(Web page caption snippets)
━━━━━━━━━━━━━━━━━━━━━━━━━━━━━━
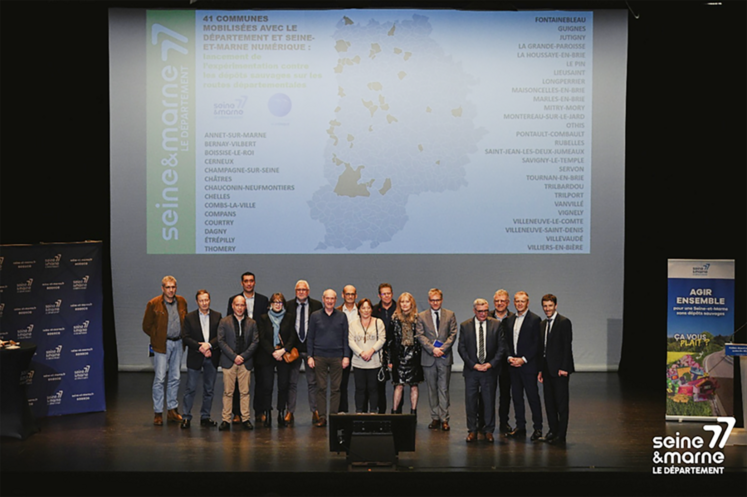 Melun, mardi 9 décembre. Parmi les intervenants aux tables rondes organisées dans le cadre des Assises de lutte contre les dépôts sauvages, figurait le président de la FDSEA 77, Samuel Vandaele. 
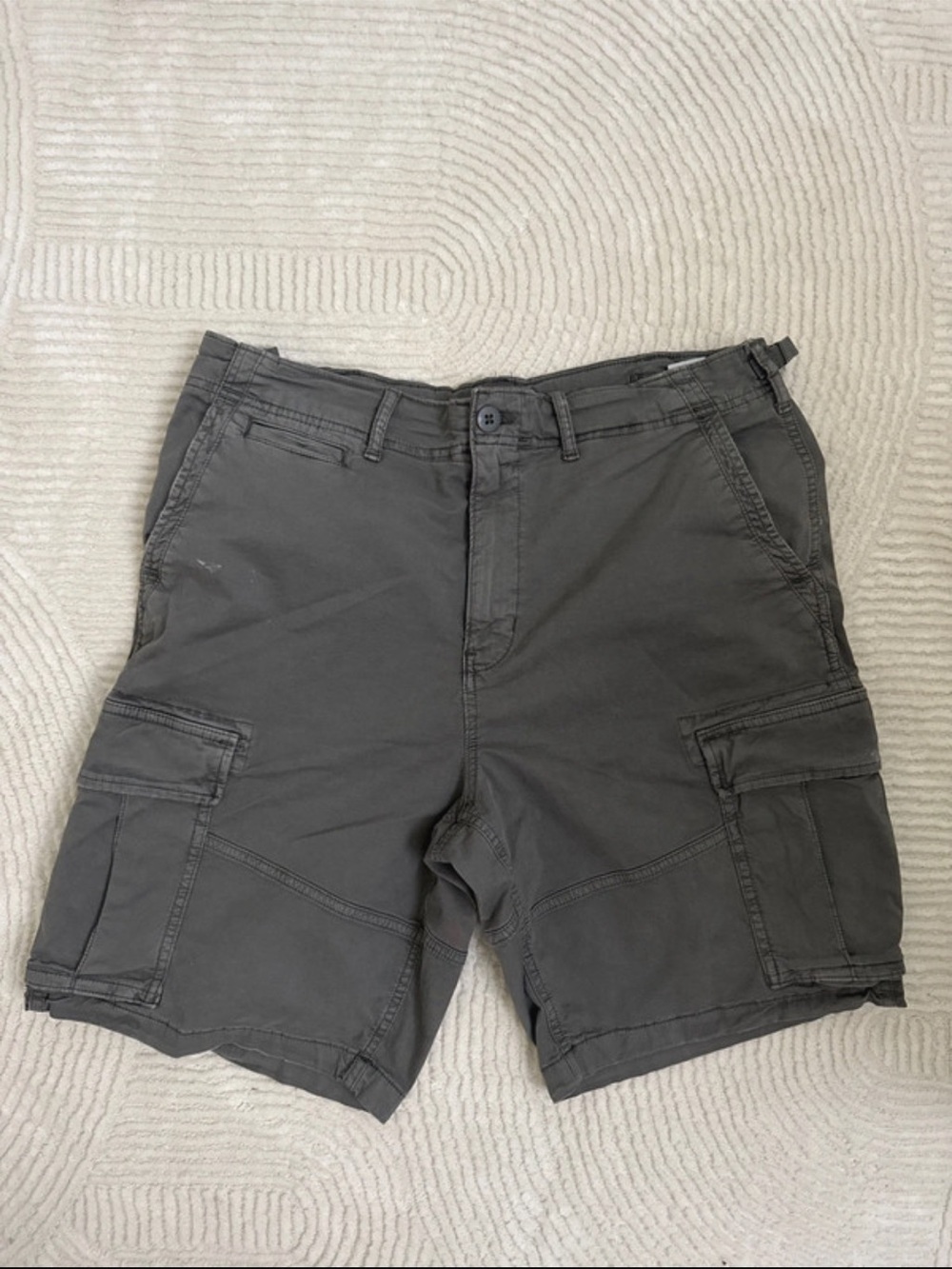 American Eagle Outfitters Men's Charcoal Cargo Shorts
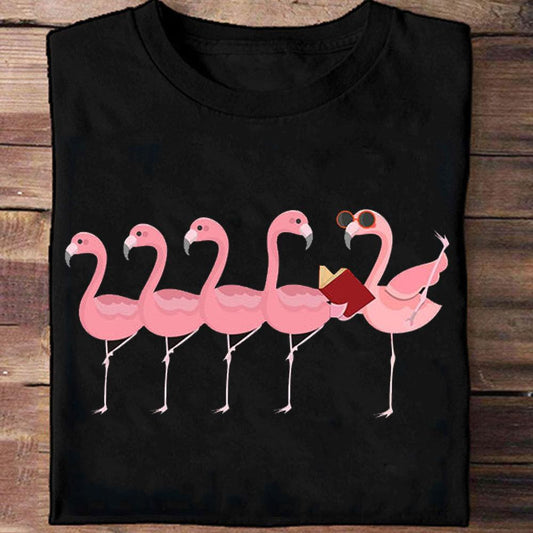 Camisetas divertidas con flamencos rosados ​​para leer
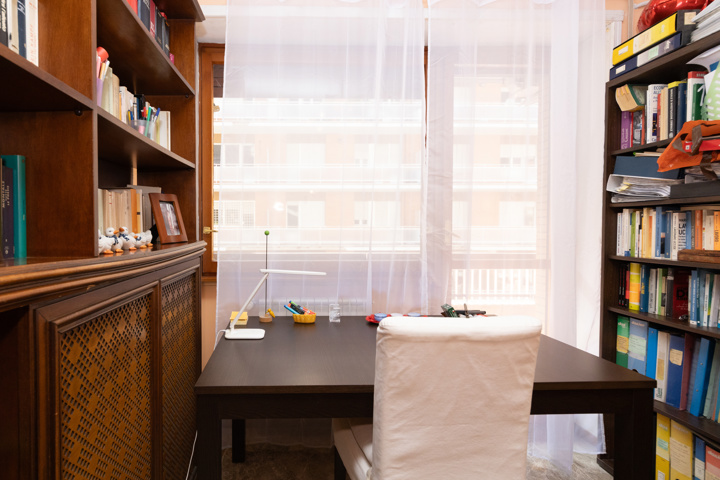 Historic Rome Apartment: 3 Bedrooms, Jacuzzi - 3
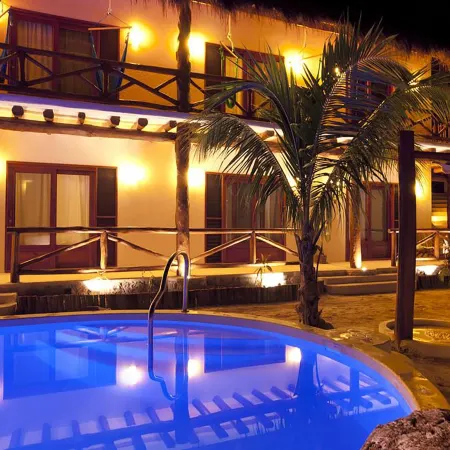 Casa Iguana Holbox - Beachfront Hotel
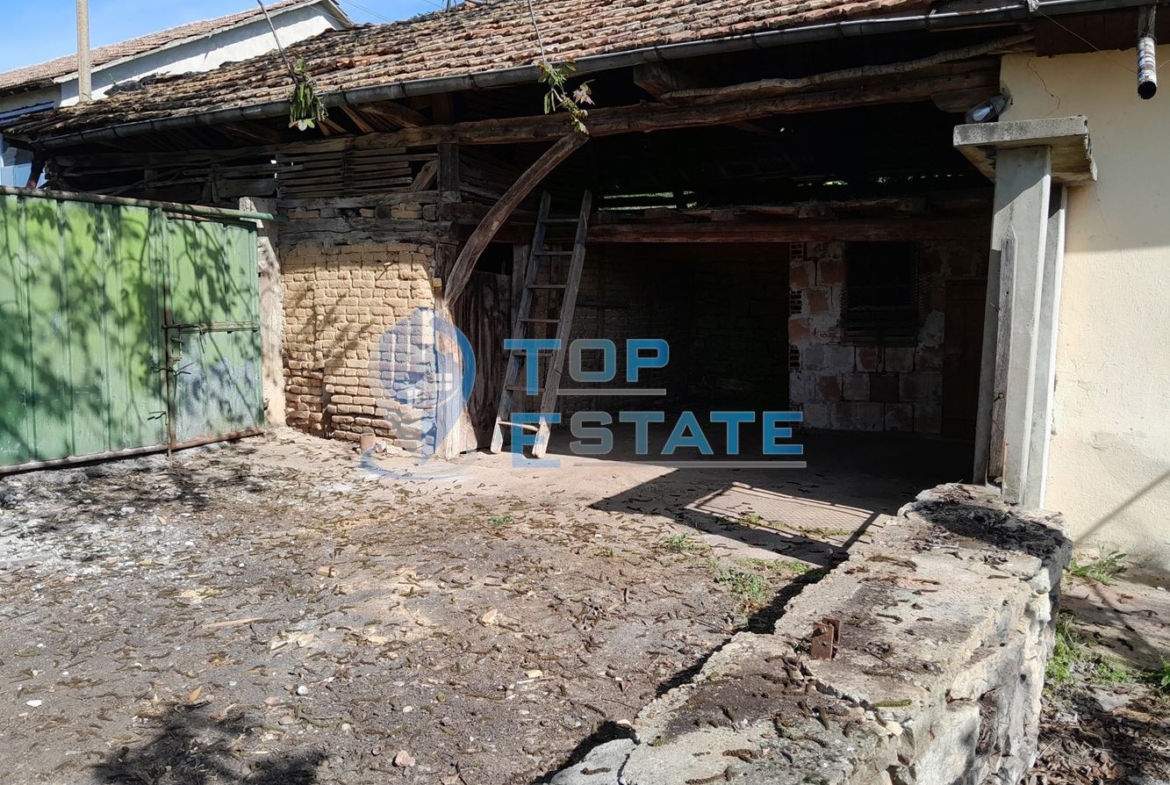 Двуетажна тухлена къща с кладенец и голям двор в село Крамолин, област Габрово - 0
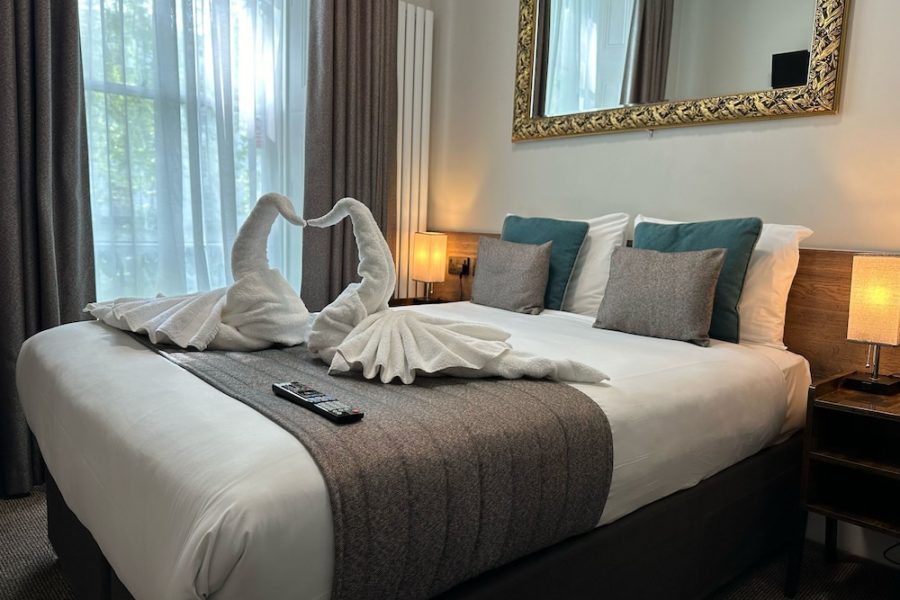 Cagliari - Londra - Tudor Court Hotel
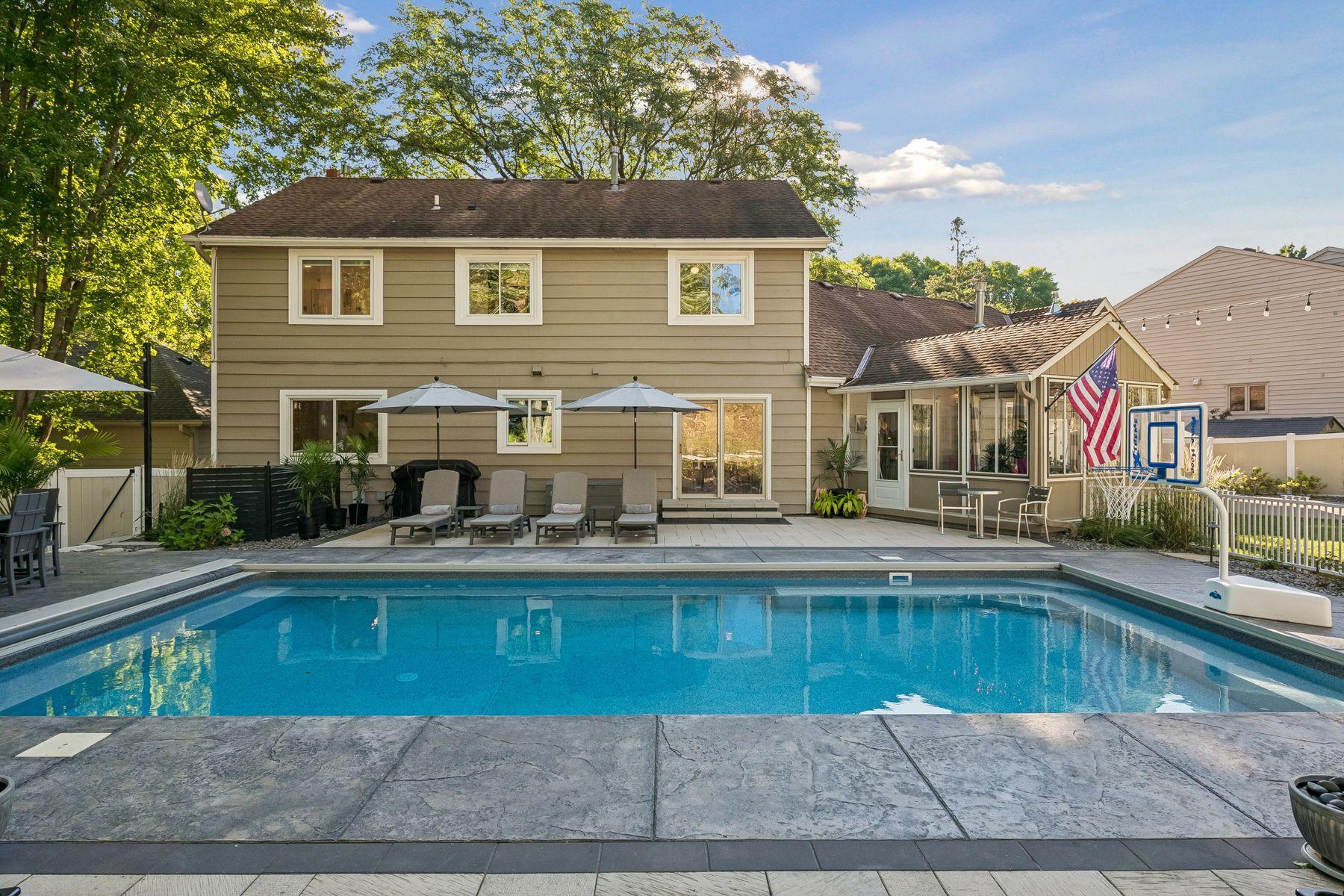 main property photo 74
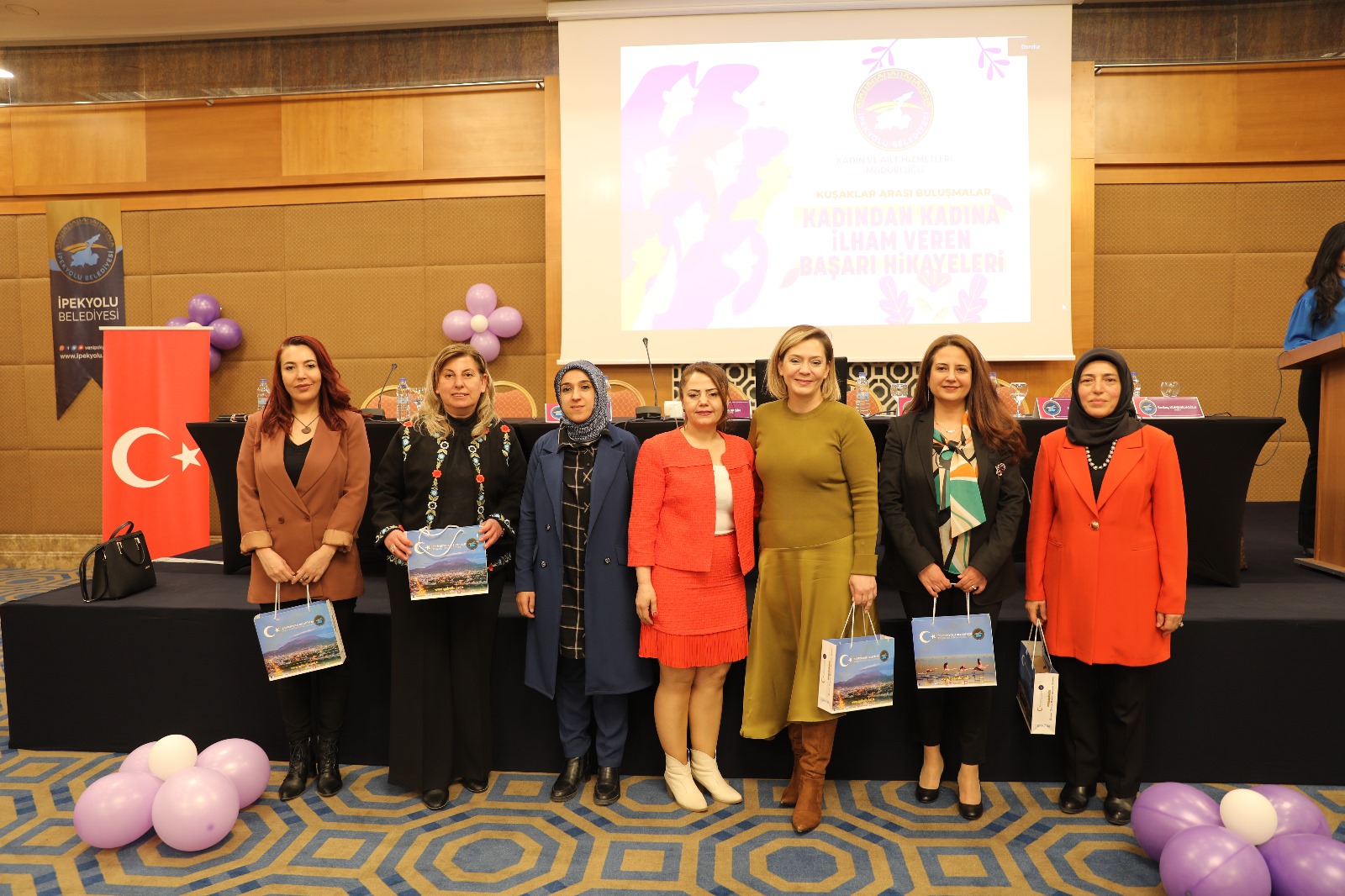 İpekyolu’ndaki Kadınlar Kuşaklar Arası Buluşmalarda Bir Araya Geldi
━━━━━━━━━━━━━━━━━━━━━━━━━━━━━━
_Task objective_:
For this exercise, print all of the entries exactly as they appear, but without pictures.

_Answer area_:
 Melun, mardi 9 décembre. Parmi les intervenants aux tables rondes organisées dans le cadre des Assises de lutte contre les dépôts sauvages, figurait le président de la FDSEA 77, Samuel Vandaele. 
 American Eagle Outfitters Men's Charcoal Cargo Shorts
 Camisetas divertidas con flamencos rosados ​​para leer
 Historic Rome Apartment: 3 Bedrooms, Jacuzzi - 3
 Casa Iguana Holbox - Beachfront Hotel
 Двуетажна тухлена къща с кладенец и голям двор в село Крамолин, област Габрово - 0
 Cagliari - Londra - Tudor Court Hotel
 main property photo 74
 İpekyolu’ndaki Kadınlar Kuşaklar Arası Buluşmalarda Bir Araya Geldi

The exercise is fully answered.